*Exercise instructions:*
With pictures left out, output word for word the lines from the one containing "Сгъваемо къмпинг легло" through the end of the material below.

*Data excerpt:*
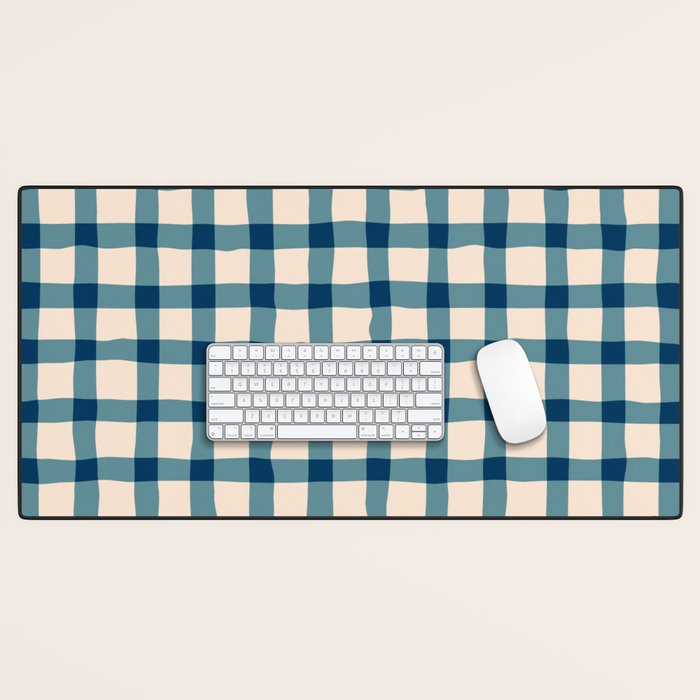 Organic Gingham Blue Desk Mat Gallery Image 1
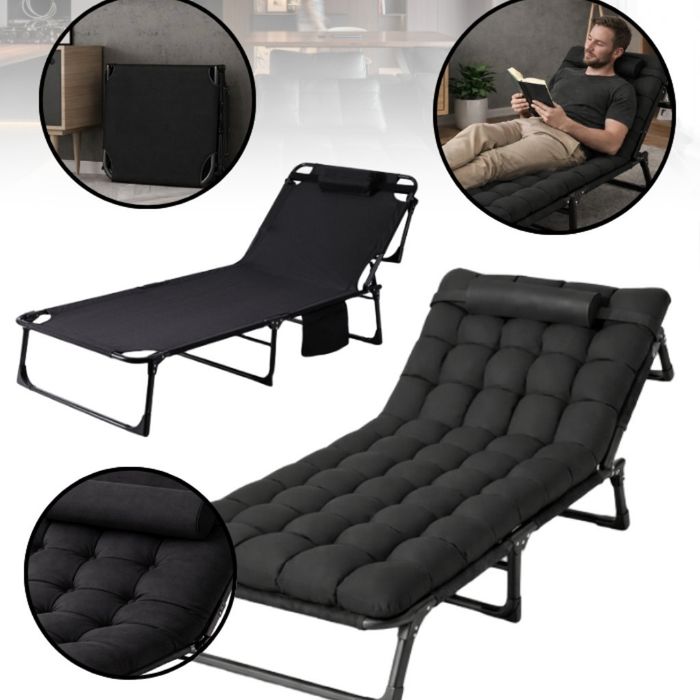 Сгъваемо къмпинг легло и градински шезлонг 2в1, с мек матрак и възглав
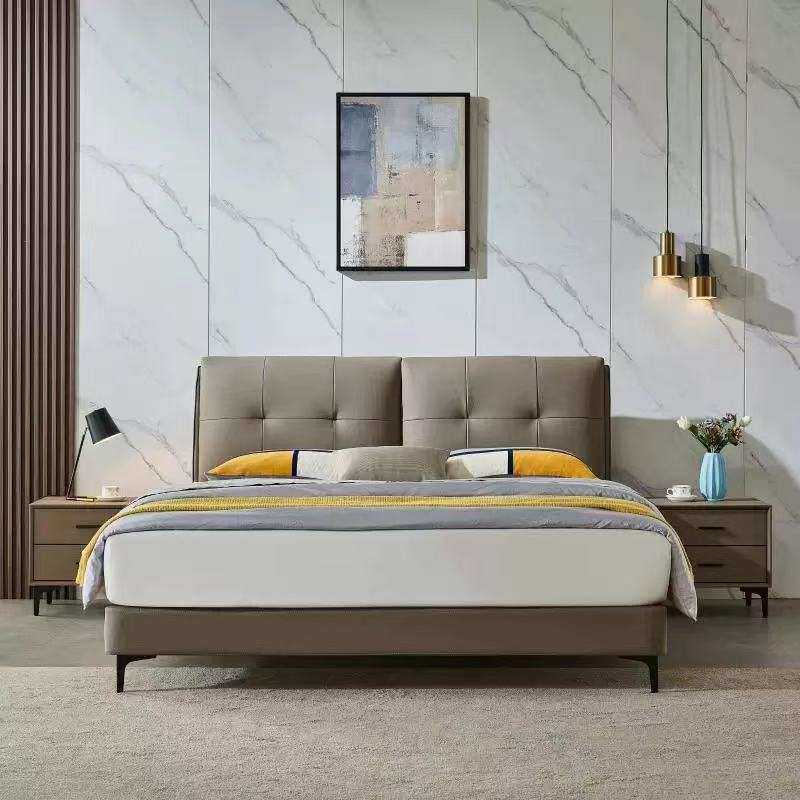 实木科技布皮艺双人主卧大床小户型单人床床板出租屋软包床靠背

*Answer to the exercise:*
 Сгъваемо къмпинг легло и градински шезлонг 2в1, с мек матрак и възглав
 实木科技布皮艺双人主卧大床小户型单人床床板出租屋软包床靠背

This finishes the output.